[PROBLEM DESCRIPTION]: Your answer must be an exact transcription of the data, with every picture omitted.

##############################

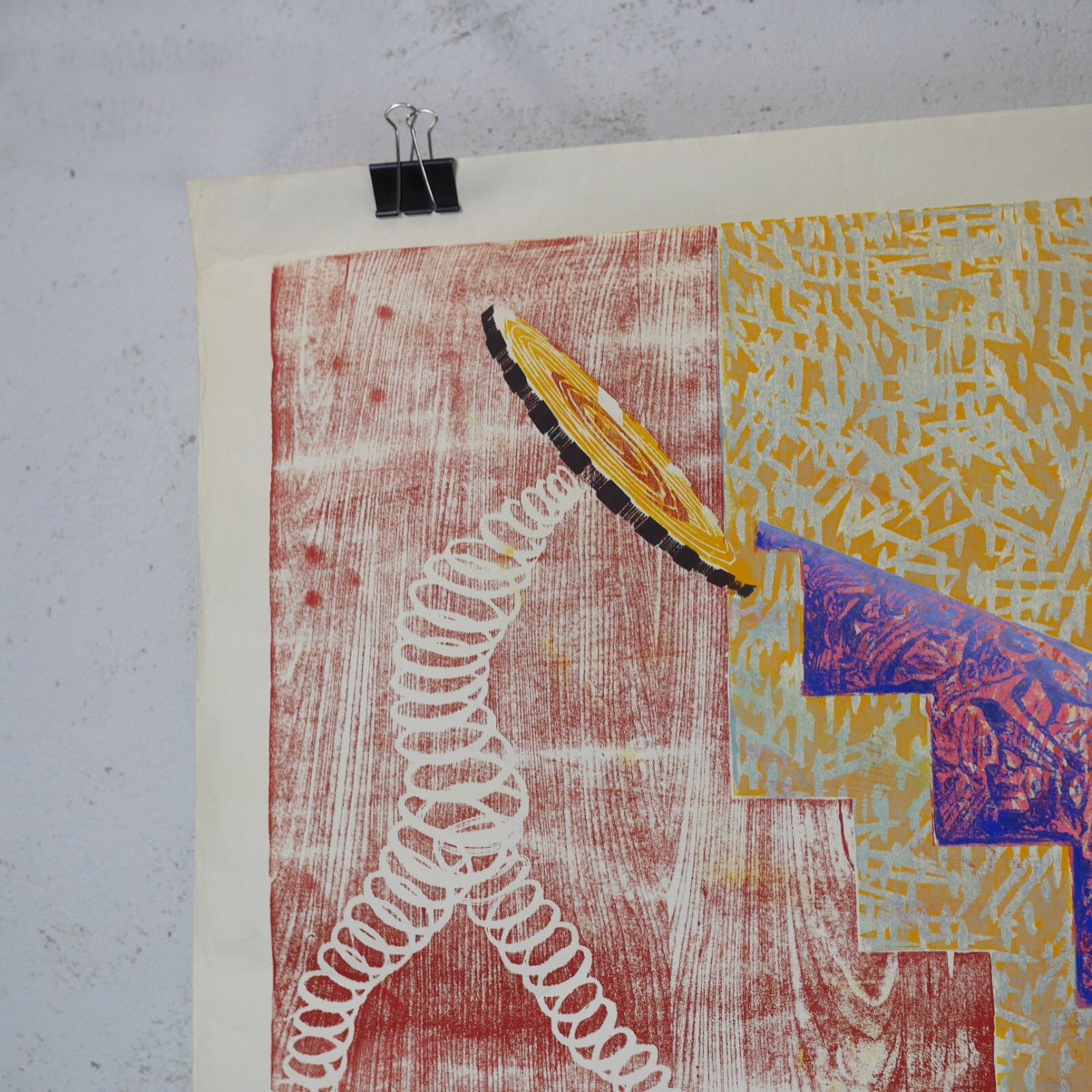 Large Original Signed Art Abstract Wood & Screen Print Paper #102770 photo furniture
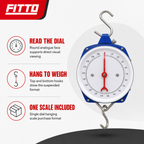 72 Pieces Dial Hanging Scales with Hook, 100 kg Capacity, Blue and White, 1 Unit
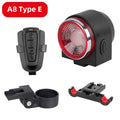 Rechargeable Rear Bicycle Light Brake Bike Tail Lamp Wireless Remote Control Cycling Taillight Anti-theft Burglar Alarm Bell - KiwisLove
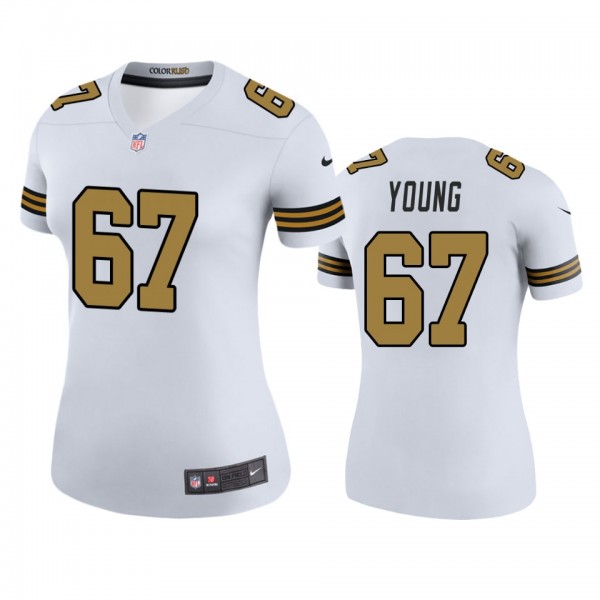 New Orleans Saints Landon Young White Color Rush Legend Jersey - Women's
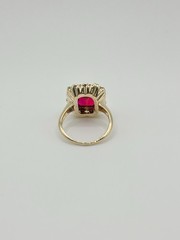 Vintage 3.00ctw Red Spinel & Sapphire Halo 16mm Ring 10k Yellow Gold Size 5.25
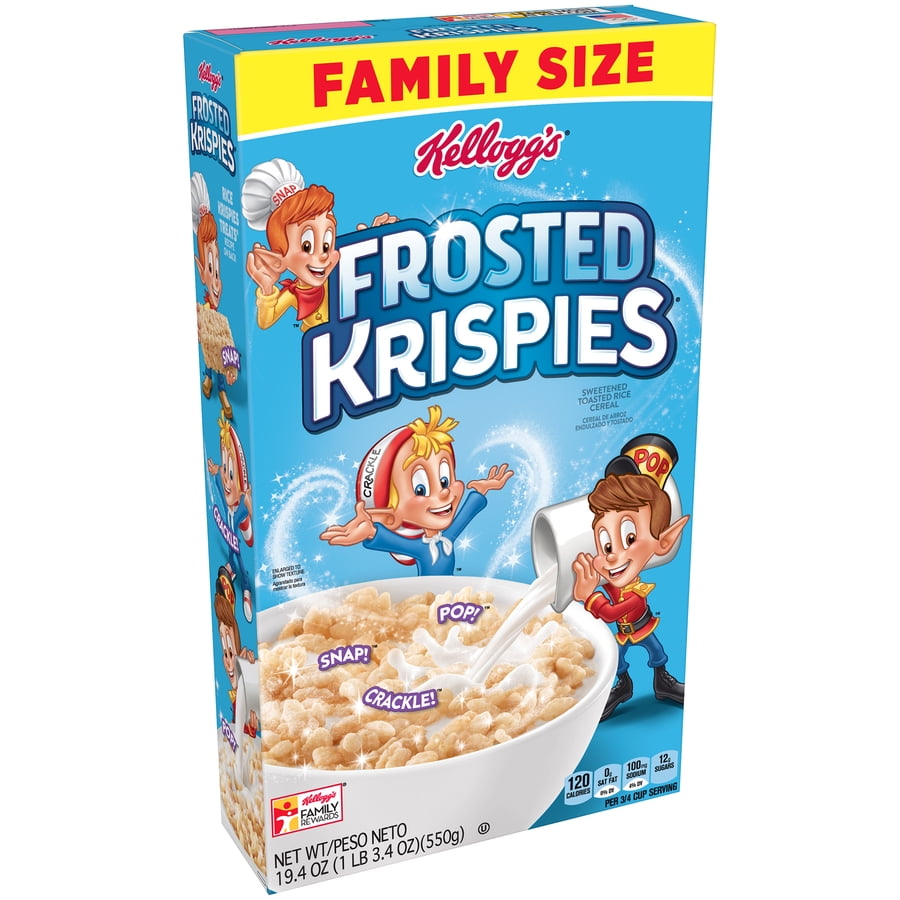 Kellogg's Frosted Rice Krispies Family Size Breakfast Cereal 22.2 Oz
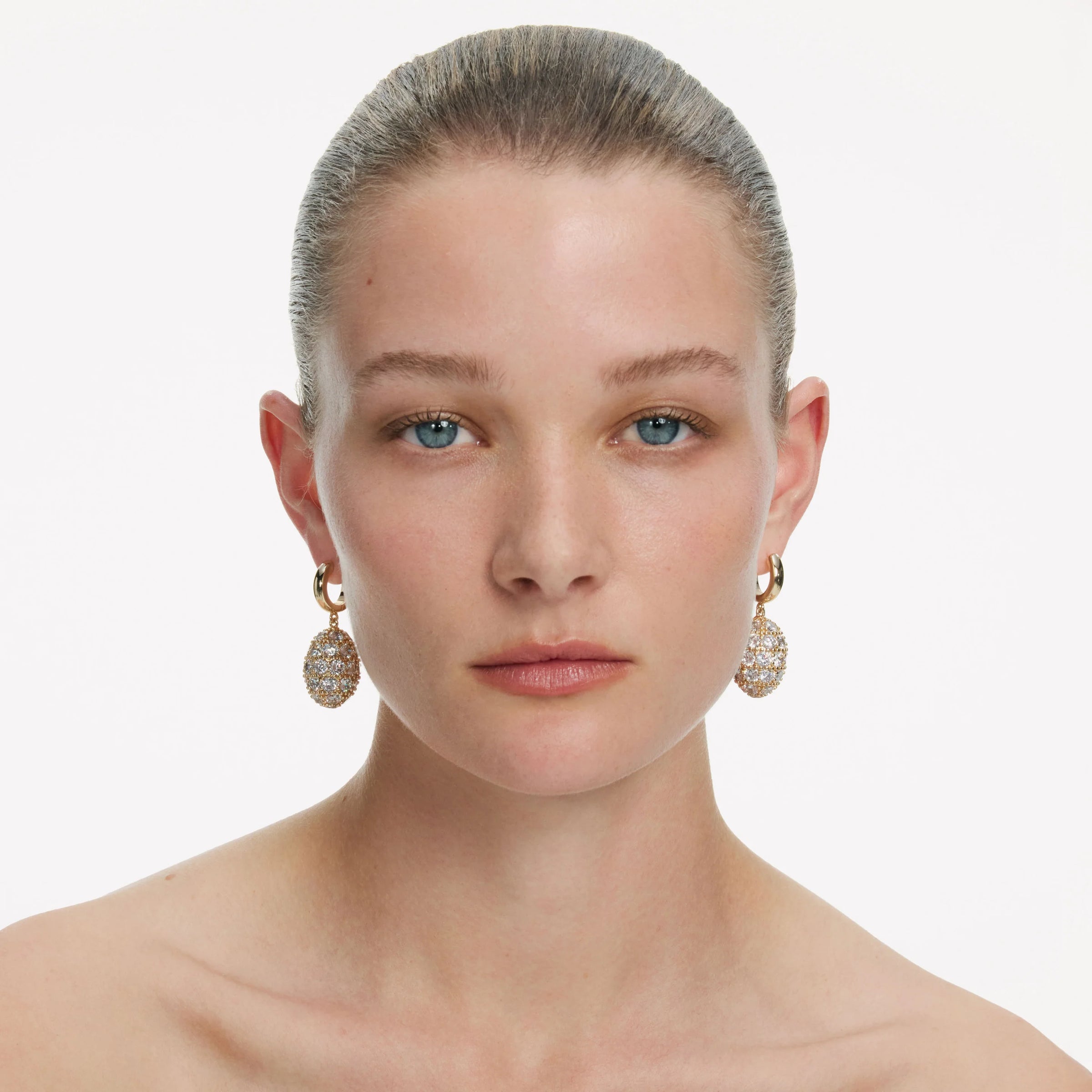 Self-Portrait Gold Hoop Crystal Cluster Earrings Gold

##############################

[TASK RESPONSE]:
 Large Original Signed Art Abstract Wood & Screen Print Paper #102770 photo furniture
 72 Pieces Dial Hanging Scales with Hook, 100 kg Capacity, Blue and White, 1 Unit
 Rechargeable Rear Bicycle Light Brake Bike Tail Lamp Wireless Remote Control Cycling Taillight Anti-theft Burglar Alarm Bell - KiwisLove
 New Orleans Saints Landon Young White Color Rush Legend Jersey - Women's
 Vintage 3.00ctw Red Spinel & Sapphire Halo 16mm Ring 10k Yellow Gold Size 5.25
 Kellogg's Frosted Rice Krispies Family Size Breakfast Cereal 22.2 Oz
 Self-Portrait Gold Hoop Crystal Cluster Earrings Gold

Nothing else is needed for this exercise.